# iPhone exposure & DoF calculators



## pechspilz (Dec 8, 2008)

Hello everyone

There are some interesting photography tools (DoF, flash & exposure calculators) available on the App Store. 
Also don't miss this review about some of them: http://www.trick77.com/2008/12/07/dslr-photographers-tools-for-iphone/

The ability to calculate the blue hour for your current GPS position is also a very useful feature if your traveling.
If you're an iPhone or iPod touch user, are you planning to use tools like these?


----------



## platano (Dec 8, 2008)

that is freaking cool, wish I had an Iphone


----------



## JerryPH (Dec 8, 2008)

I'd never purchase a PHONE with the intent of taking pictures.  I use a phone to communicate with people over the same.  I also do not use my Nikon D700 to call people long distance either... lol

I know cell phone cameras have improved a lot over the last 2 years... but come on!


----------



## pechspilz (Dec 8, 2008)

???
Did you actually read the title and the article? It's not about the crap camera in the iPhone.


----------



## TBAM (Dec 8, 2008)

How would the exposure calculator work? Use the Iphone's camera as a light reader? Would the meter in the camera not be better than this?
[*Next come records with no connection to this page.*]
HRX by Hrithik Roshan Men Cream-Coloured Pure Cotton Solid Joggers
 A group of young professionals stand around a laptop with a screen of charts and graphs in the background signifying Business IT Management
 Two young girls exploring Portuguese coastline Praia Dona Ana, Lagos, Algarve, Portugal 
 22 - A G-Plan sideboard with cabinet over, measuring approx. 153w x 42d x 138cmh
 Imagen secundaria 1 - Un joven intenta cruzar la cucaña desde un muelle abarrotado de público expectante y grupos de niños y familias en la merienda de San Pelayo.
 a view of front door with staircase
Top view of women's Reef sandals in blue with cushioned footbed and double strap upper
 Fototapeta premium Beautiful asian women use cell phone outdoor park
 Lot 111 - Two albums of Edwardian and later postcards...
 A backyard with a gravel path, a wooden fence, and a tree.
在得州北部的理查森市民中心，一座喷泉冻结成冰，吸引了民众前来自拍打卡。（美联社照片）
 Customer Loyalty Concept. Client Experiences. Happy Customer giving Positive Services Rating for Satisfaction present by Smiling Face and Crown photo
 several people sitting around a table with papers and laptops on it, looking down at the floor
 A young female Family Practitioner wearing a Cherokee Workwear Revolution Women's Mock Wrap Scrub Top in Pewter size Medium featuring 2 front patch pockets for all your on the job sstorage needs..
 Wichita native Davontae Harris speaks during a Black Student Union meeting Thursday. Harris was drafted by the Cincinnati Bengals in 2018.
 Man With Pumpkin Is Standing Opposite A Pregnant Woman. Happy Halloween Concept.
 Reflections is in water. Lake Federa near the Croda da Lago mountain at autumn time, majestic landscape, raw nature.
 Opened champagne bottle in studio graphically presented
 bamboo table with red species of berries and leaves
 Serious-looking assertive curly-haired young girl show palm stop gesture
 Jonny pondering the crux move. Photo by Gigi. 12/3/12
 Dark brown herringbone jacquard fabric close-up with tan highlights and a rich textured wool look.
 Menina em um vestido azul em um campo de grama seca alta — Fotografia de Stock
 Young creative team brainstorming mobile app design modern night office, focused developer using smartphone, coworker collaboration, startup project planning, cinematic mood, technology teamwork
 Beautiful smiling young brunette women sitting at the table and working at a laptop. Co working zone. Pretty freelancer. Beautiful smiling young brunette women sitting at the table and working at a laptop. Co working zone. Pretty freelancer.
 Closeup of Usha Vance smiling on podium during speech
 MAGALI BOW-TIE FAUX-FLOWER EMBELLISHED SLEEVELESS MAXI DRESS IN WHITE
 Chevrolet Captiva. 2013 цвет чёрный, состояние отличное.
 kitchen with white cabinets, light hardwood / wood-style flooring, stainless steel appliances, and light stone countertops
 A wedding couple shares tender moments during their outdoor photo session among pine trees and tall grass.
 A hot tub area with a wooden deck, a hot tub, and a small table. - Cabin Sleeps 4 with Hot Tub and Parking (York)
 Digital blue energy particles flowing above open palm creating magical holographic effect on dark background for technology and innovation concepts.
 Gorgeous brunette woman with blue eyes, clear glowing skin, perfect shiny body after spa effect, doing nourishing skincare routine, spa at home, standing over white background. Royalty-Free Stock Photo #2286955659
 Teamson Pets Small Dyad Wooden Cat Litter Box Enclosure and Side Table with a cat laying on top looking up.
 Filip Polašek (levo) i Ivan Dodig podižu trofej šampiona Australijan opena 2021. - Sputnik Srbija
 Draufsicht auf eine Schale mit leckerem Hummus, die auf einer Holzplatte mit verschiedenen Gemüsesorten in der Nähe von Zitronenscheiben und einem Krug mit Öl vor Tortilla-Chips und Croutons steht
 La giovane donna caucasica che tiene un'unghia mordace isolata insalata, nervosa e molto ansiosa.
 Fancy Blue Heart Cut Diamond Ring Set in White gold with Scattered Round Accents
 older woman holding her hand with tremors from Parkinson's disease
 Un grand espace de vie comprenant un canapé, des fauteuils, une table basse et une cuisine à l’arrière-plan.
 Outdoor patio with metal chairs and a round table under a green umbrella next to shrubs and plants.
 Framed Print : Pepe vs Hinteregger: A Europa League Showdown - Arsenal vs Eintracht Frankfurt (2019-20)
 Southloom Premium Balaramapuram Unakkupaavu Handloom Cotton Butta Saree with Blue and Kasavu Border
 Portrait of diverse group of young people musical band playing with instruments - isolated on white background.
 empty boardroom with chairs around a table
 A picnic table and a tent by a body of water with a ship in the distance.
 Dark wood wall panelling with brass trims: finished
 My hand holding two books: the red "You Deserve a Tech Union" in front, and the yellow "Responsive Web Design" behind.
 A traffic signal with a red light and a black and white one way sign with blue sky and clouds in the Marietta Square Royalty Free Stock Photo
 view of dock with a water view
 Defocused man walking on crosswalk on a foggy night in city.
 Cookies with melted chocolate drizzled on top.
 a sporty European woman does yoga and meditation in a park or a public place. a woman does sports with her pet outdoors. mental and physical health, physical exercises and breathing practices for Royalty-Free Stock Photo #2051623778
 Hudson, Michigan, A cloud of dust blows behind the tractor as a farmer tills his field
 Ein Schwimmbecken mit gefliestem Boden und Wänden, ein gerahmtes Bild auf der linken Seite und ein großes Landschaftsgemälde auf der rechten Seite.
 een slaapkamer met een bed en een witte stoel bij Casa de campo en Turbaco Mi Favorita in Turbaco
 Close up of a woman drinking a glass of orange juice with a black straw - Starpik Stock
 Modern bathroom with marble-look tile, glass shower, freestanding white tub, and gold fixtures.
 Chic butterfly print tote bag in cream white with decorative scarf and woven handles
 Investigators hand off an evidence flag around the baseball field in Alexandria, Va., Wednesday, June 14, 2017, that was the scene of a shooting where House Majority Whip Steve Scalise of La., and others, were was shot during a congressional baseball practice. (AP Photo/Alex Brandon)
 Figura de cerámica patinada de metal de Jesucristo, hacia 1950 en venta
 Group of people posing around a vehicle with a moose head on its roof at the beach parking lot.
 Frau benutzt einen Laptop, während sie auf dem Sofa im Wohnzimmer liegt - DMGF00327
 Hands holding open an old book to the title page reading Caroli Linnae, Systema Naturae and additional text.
The blue hour and depth of field calculator could be handy.


----------



## verticalization (Dec 10, 2008)

I actually just purchased one of these apps, (photobuddy) and i must say im pretty impressed.  it was 1.99, includes a DoF calculator, sunrise/moonrise times/phases, grey card (tho not color).  It also has a neat lil setting to calculate the distance of an object using the iphones camera. 

The exposure calculator doesnt use the iphones camera, if you have an external light meter you input the settings there and you can change different fstop/shutter/iso settings while keeping the same exposure.  it also has presets that give, what seems like a general estimate for settings for different scenes.  Not sure how accurate that is


----------



## Silverado_13 (Dec 10, 2008)

Downloading them right now. Gonna try it out later.


----------



## Big Mike (Dec 10, 2008)

> it also has presets that give, what seems like a general estimate for settings for different scenes. Not sure how accurate that is


Probably based on the 'Sunny 16' rule of similar...and it can be accurate, provided  you are reading the making an accurate assessment of the scene, to know what to look up.  

I'd say that it's not really needed with digital because you can just shoot & test.


----------



## RyanLilly (Dec 11, 2008)

I downloaded photocalc, I think it was 2 bucks. It has a DOF calc, sunrise/set times, a reference section for films/filter, a pretty useless glossary, And a flash exposure calculator, which is actualy pretty usefull, although I havent had a chance to use it much yet, and Im pretty good at getting within a stop on my first shot using manual flash, but its not a bad teaching tool.


----------